▶ **DATA SHOWN**
◆ ◆ ◆ ◆ ◆
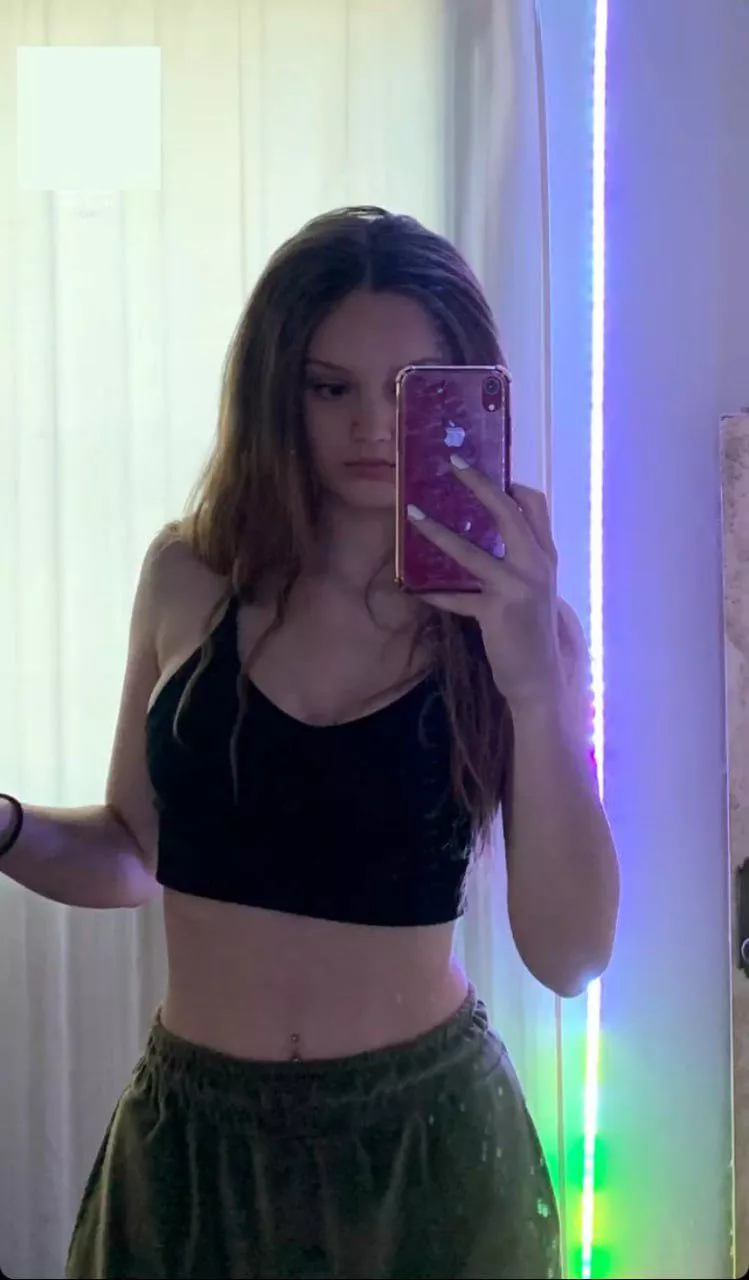 How am I looking in this croptop? [18F] posted by Hot-Substance-3607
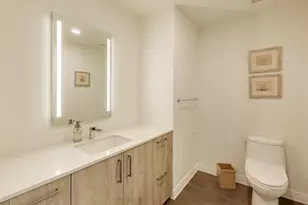 211 N Harbor Dr, Chicago, IL 60601 - Photo 24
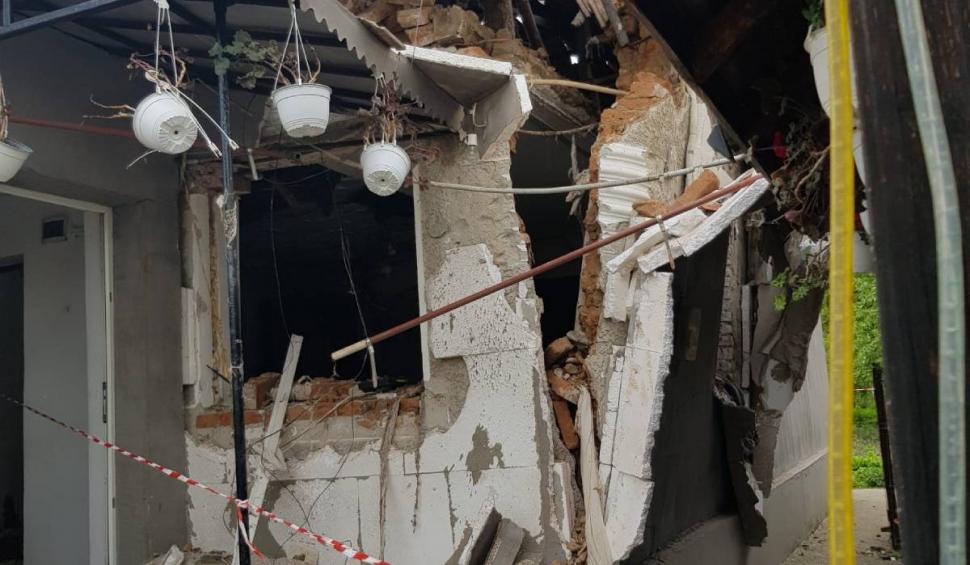 O butelie a explodat într-o casă Vâlcea. Două persoane au suferit arsuri și alte două, atacuri de panică 832445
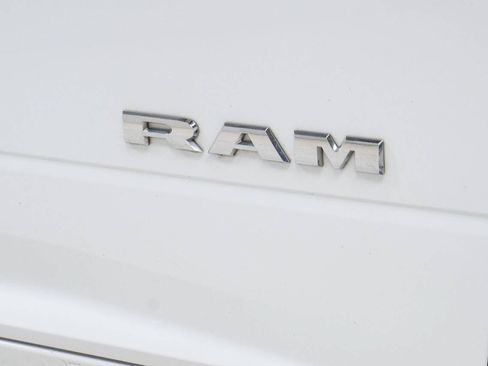 Used 2022 RAM 2500 Tradesman RWD image 15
◆ ◆ ◆ ◆ ◆
▶ **EXERCISE GOAL**
Where the line with "211 N Harbor" appears, begin there and transcribe exactly through the last line of the data, leaving all pictures aside.

▶ **REPLY TO THE TASK**
 211 N Harbor Dr, Chicago, IL 60601 - Photo 24
 O butelie a explodat într-o casă Vâlcea. Două persoane au suferit arsuri și alte două, atacuri de panică 832445
 Used 2022 RAM 2500 Tradesman RWD image 15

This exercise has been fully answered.